Crawled caption data:
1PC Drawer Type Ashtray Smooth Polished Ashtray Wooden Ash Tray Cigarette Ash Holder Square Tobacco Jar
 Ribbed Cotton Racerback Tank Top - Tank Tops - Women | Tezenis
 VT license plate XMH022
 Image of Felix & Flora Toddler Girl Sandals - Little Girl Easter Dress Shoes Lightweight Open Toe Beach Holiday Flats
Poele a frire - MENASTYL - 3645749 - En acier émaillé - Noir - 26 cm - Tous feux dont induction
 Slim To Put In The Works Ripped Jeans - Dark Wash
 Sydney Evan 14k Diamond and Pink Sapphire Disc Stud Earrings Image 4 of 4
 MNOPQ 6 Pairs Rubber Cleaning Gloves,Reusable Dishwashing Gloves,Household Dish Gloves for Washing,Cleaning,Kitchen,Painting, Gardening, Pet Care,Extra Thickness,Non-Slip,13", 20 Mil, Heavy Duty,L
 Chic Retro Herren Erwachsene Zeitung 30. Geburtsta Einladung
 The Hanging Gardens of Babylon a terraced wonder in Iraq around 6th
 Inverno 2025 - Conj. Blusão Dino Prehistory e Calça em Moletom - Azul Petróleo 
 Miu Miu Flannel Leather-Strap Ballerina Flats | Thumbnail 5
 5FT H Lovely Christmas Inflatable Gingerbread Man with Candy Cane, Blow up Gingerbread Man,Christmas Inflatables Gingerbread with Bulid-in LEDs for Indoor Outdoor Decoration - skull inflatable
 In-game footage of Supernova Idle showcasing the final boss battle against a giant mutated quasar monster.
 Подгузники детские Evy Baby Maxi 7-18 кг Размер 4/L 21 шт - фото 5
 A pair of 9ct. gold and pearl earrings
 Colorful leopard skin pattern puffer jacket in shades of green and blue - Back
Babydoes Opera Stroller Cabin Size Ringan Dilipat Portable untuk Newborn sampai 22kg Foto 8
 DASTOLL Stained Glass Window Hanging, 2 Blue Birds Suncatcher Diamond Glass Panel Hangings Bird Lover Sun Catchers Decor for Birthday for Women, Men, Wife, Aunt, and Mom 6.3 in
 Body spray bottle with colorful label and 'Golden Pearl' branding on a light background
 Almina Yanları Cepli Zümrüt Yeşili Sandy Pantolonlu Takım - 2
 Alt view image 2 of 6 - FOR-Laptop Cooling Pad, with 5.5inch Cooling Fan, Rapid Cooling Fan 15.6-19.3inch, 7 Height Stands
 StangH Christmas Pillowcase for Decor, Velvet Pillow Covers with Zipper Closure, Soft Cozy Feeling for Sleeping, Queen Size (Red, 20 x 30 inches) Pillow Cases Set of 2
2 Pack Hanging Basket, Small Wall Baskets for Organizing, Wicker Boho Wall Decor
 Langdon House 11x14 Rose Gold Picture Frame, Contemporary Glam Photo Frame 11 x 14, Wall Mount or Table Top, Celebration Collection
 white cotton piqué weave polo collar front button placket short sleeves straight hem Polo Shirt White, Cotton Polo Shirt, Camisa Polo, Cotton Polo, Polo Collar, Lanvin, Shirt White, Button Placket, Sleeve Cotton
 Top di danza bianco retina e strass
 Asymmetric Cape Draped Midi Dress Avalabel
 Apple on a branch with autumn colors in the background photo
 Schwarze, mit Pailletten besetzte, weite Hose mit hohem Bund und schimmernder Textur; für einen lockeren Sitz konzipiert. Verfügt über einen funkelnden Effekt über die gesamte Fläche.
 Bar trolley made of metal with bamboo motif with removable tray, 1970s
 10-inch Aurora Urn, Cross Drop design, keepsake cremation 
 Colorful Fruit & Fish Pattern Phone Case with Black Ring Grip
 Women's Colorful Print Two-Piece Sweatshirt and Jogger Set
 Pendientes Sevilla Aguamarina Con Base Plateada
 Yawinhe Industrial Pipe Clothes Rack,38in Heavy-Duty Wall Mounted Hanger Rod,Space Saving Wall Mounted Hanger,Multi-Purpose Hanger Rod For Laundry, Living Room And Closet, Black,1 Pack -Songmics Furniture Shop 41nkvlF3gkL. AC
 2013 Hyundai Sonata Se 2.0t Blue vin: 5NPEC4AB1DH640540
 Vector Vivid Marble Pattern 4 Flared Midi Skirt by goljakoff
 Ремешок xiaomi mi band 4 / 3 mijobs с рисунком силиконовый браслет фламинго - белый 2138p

» **WHAT IS BEING ASKED**: The entries above hold a line with "Miu Miu Flannel" and a later line with "Babydoes Opera Stroller". Write out exactly those lines and all lines between, nothing more.

» **WRITTEN SOLUTION**:
 Miu Miu Flannel Leather-Strap Ballerina Flats | Thumbnail 5
 5FT H Lovely Christmas Inflatable Gingerbread Man with Candy Cane, Blow up Gingerbread Man,Christmas Inflatables Gingerbread with Bulid-in LEDs for Indoor Outdoor Decoration - skull inflatable
 In-game footage of Supernova Idle showcasing the final boss battle against a giant mutated quasar monster.
 Подгузники детские Evy Baby Maxi 7-18 кг Размер 4/L 21 шт - фото 5
 A pair of 9ct. gold and pearl earrings
 Colorful leopard skin pattern puffer jacket in shades of green and blue - Back
Babydoes Opera Stroller Cabin Size Ringan Dilipat Portable untuk Newborn sampai 22kg Foto 8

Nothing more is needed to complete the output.